■ **What you need to do**
Send back all the data below, exactly as given.

━━━

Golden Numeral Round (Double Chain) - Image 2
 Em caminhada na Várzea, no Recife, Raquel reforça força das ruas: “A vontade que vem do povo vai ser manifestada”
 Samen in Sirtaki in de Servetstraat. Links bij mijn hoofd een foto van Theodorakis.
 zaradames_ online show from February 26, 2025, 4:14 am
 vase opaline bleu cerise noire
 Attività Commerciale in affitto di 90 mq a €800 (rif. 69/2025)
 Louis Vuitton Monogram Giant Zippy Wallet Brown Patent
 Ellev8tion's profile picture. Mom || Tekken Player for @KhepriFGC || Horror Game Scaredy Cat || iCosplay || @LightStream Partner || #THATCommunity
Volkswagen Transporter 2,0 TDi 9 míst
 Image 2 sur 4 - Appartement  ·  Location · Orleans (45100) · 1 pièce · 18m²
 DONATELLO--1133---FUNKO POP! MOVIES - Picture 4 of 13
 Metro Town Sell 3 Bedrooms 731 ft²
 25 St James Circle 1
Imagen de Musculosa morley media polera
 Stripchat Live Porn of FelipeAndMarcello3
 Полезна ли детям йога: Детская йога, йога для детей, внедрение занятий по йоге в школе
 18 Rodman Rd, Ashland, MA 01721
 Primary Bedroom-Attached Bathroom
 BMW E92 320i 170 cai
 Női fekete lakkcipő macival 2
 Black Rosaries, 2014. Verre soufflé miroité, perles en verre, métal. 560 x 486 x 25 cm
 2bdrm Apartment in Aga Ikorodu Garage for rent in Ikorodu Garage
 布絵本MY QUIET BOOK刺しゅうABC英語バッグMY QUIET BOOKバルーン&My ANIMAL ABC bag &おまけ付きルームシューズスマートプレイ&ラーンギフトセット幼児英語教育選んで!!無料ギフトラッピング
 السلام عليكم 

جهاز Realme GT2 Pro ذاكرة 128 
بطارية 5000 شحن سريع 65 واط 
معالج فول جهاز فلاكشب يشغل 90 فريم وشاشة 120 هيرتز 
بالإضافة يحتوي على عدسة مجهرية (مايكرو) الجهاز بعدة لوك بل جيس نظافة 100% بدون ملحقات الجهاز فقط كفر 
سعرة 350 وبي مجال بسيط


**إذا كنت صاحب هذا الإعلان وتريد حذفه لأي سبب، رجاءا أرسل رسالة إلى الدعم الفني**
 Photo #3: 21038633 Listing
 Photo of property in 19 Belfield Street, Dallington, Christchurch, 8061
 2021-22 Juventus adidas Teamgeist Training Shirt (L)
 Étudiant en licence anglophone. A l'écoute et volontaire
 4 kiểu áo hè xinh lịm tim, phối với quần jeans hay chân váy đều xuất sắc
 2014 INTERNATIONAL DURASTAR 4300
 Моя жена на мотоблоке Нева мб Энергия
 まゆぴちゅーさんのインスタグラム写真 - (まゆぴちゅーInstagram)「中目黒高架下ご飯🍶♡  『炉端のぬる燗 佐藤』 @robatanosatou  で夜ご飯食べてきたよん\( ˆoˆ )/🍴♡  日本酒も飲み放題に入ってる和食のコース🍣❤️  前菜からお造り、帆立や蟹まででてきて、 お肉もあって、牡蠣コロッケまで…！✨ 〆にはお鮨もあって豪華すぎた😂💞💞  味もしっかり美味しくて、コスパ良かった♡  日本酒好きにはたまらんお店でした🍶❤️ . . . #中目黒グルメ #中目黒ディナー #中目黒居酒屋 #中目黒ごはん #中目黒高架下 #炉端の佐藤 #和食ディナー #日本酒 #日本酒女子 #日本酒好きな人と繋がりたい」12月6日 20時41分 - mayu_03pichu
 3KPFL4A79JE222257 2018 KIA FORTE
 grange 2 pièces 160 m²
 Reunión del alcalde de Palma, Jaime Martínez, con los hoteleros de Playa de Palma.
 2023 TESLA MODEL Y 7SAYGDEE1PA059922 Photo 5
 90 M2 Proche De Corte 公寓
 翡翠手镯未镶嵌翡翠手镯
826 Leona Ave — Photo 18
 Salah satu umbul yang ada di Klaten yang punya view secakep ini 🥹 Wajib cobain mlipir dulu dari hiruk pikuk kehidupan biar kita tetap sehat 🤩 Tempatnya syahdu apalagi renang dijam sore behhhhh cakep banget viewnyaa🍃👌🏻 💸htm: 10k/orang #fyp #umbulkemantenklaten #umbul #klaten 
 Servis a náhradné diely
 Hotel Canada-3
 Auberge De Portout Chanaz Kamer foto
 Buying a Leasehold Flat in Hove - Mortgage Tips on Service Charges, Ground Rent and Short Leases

━━━

■ **Problem solution**
Golden Numeral Round (Double Chain) - Image 2
 Em caminhada na Várzea, no Recife, Raquel reforça força das ruas: “A vontade que vem do povo vai ser manifestada”
 Samen in Sirtaki in de Servetstraat. Links bij mijn hoofd een foto van Theodorakis.
 zaradames_ online show from February 26, 2025, 4:14 am
 vase opaline bleu cerise noire
 Attività Commerciale in affitto di 90 mq a €800 (rif. 69/2025)
 Louis Vuitton Monogram Giant Zippy Wallet Brown Patent
 Ellev8tion's profile picture. Mom || Tekken Player for @KhepriFGC || Horror Game Scaredy Cat || iCosplay || @LightStream Partner || #THATCommunity
Volkswagen Transporter 2,0 TDi 9 míst
 Image 2 sur 4 - Appartement  ·  Location · Orleans (45100) · 1 pièce · 18m²
 DONATELLO--1133---FUNKO POP! MOVIES - Picture 4 of 13
 Metro Town Sell 3 Bedrooms 731 ft²
 25 St James Circle 1
Imagen de Musculosa morley media polera
 Stripchat Live Porn of FelipeAndMarcello3
 Полезна ли детям йога: Детская йога, йога для детей, внедрение занятий по йоге в школе
 18 Rodman Rd, Ashland, MA 01721
 Primary Bedroom-Attached Bathroom
 BMW E92 320i 170 cai
 Női fekete lakkcipő macival 2
 Black Rosaries, 2014. Verre soufflé miroité, perles en verre, métal. 560 x 486 x 25 cm
 2bdrm Apartment in Aga Ikorodu Garage for rent in Ikorodu Garage
 布絵本MY QUIET BOOK刺しゅうABC英語バッグMY QUIET BOOKバルーン&My ANIMAL ABC bag &おまけ付きルームシューズスマートプレイ&ラーンギフトセット幼児英語教育選んで!!無料ギフトラッピング
 السلام عليكم 

جهاز Realme GT2 Pro ذاكرة 128 
بطارية 5000 شحن سريع 65 واط 
معالج فول جهاز فلاكشب يشغل 90 فريم وشاشة 120 هيرتز 
بالإضافة يحتوي على عدسة مجهرية (مايكرو) الجهاز بعدة لوك بل جيس نظافة 100% بدون ملحقات الجهاز فقط كفر 
سعرة 350 وبي مجال بسيط


**إذا كنت صاحب هذا الإعلان وتريد حذفه لأي سبب، رجاءا أرسل رسالة إلى الدعم الفني**
 Photo #3: 21038633 Listing
 Photo of property in 19 Belfield Street, Dallington, Christchurch, 8061
 2021-22 Juventus adidas Teamgeist Training Shirt (L)
 Étudiant en licence anglophone. A l'écoute et volontaire
 4 kiểu áo hè xinh lịm tim, phối với quần jeans hay chân váy đều xuất sắc
 2014 INTERNATIONAL DURASTAR 4300
 Моя жена на мотоблоке Нева мб Энергия
 まゆぴちゅーさんのインスタグラム写真 - (まゆぴちゅーInstagram)「中目黒高架下ご飯🍶♡  『炉端のぬる燗 佐藤』 @robatanosatou  で夜ご飯食べてきたよん\( ˆoˆ )/🍴♡  日本酒も飲み放題に入ってる和食のコース🍣❤️  前菜からお造り、帆立や蟹まででてきて、 お肉もあって、牡蠣コロッケまで…！✨ 〆にはお鮨もあって豪華すぎた😂💞💞  味もしっかり美味しくて、コスパ良かった♡  日本酒好きにはたまらんお店でした🍶❤️ . . . #中目黒グルメ #中目黒ディナー #中目黒居酒屋 #中目黒ごはん #中目黒高架下 #炉端の佐藤 #和食ディナー #日本酒 #日本酒女子 #日本酒好きな人と繋がりたい」12月6日 20時41分 - mayu_03pichu
 3KPFL4A79JE222257 2018 KIA FORTE
 grange 2 pièces 160 m²
 Reunión del alcalde de Palma, Jaime Martínez, con los hoteleros de Playa de Palma.
 2023 TESLA MODEL Y 7SAYGDEE1PA059922 Photo 5
 90 M2 Proche De Corte 公寓
 翡翠手镯未镶嵌翡翠手镯
826 Leona Ave — Photo 18
 Salah satu umbul yang ada di Klaten yang punya view secakep ini 🥹 Wajib cobain mlipir dulu dari hiruk pikuk kehidupan biar kita tetap sehat 🤩 Tempatnya syahdu apalagi renang dijam sore behhhhh cakep banget viewnyaa🍃👌🏻 💸htm: 10k/orang #fyp #umbulkemantenklaten #umbul #klaten 
 Servis a náhradné diely
 Hotel Canada-3
 Auberge De Portout Chanaz Kamer foto
 Buying a Leasehold Flat in Hove - Mortgage Tips on Service Charges, Ground Rent and Short Leases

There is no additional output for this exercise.